Smurfit Kappa reports 8 per cent rise in revenues for 2013
Paper and packaging group to increase dividend by 50 per cent and looks to expand via acquisition in the Americas and Eastern Europe regions
Commenting on the group’s full year results Gary McGann, chief executive officer, said that the Americas was a strong source of earnings growth in 2013 and “continues to provide the group with geographic diversity and exposure to higher growth markets”. Photograph: Alan Betson /The Irish Times
Revenues rose by 8 per cent to €7.9 billion at Smurfit Kappa in 2013, as the paper and packaging group benefited from a lift in sales in the Americas and continued progress in its efforts to restructure its debt profile.
Earnings (EBITDA) grew by 9 per cent to €1.1 billion and the group reported a return on capital employed of over 13 per cent. Pre-tax profits fell by 8 per cent to €294 million. Smurfit Kappa will pay a final dividend of 30.75 cent for 2013, up by 50 per cent on 2012, “ reflecting confidence in the business”.
“With a weaker though improving year-on-year performance in Europe, the Americas has been a strong source of earnings growth in 2013 and continues to provide the group with geographic diversity and exposure to higher growth markets,” said Gary McGann, Smurfit Kappa Group CEO.
In the fourth quarter of 2013, earnings rose to €291 million, slightly behind forecasts, on revenue of €2 billion. Pre-tax profits soared by 91 per cent to €62 million.
European corrugated packaging operations showed good growth in 2013, with box volumes up 2 per cent year-on-year and the group is progressing with box price increases through the fourth quarter and into 2014.
“The good volume result was achieved despite low macroeconomic growth and reflects organic growth with our customers and specific market share wins,” Mr McGann said.
Improved containerboard demand coupled with stable supply side conditions and a steady old corrugated containers (‘OCC’) market supported a recovery in testliner prices although the group noted that despite increasing testliner pricing, margins have still not adequately recovered due to consistently higher input costs.
In the Americas region, operations performed well, with reported volume growth of over 2 per cent year-on-year in spite of some economic difficulties, although the group pointed to some potential risk in Venezuela.
During 2013 the group completed its main financial restructuring activity, moving from being a leveraged company to achieving a corporate credit profile. “As a consequence, the profile of the group has fundamentally changed and the progress made offers the company a wide range of strategic and financial options,” said Mr McGann. The group’s full year 2013 net debt / EBITDA ratio stood at 2.37 times, as debt reduction was made possible by the group’s strong free cash flow generated through “a robust operational performance and decisive capital allocation”.
“Debt paydown and re-financing activities undertaken to date have resulted in a € 120 million reduction in annualised cash interest since the IPO and boosts available free cash flow.”

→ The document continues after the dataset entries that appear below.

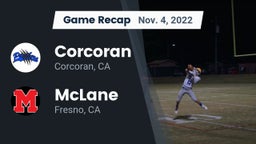 Recap: Corcoran  vs. McLane  2022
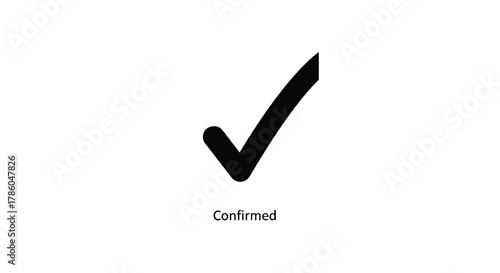 A bold black checkmark symbol is displayed prominently on a clean white background with the word confirmed below it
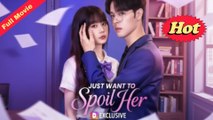 [EngSub] Just Want To Spoil Her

Barry Dixon, an analyst with Davy Stockbrokers, said that this change in capital allocation strategy is the most beneficial from a shareholder perspective. “For a long time, the company used its strong cash generation to pay down debt. Now that the balance sheet has been repaired, shareholders should really start to get the benefit of the cash. Most immediately, this is apparent from the 50 per cent increase in the dividend,” he said.
Smurfit Kappa hopes to expand its operations in the high growth regions of the Americas and Eastern Europe through “accretive acquisitions, together with innovation and differentiation initiatives already underway in our current business”.
Looking to 2014, based on the current macro-economic outlook, the group expects to achieve continued earnings growth, and Smurfit Kappa will look to “further optimise its integrated European operations and to increase its unique Americas exposure through the use of its strong balance sheet and its proven management”.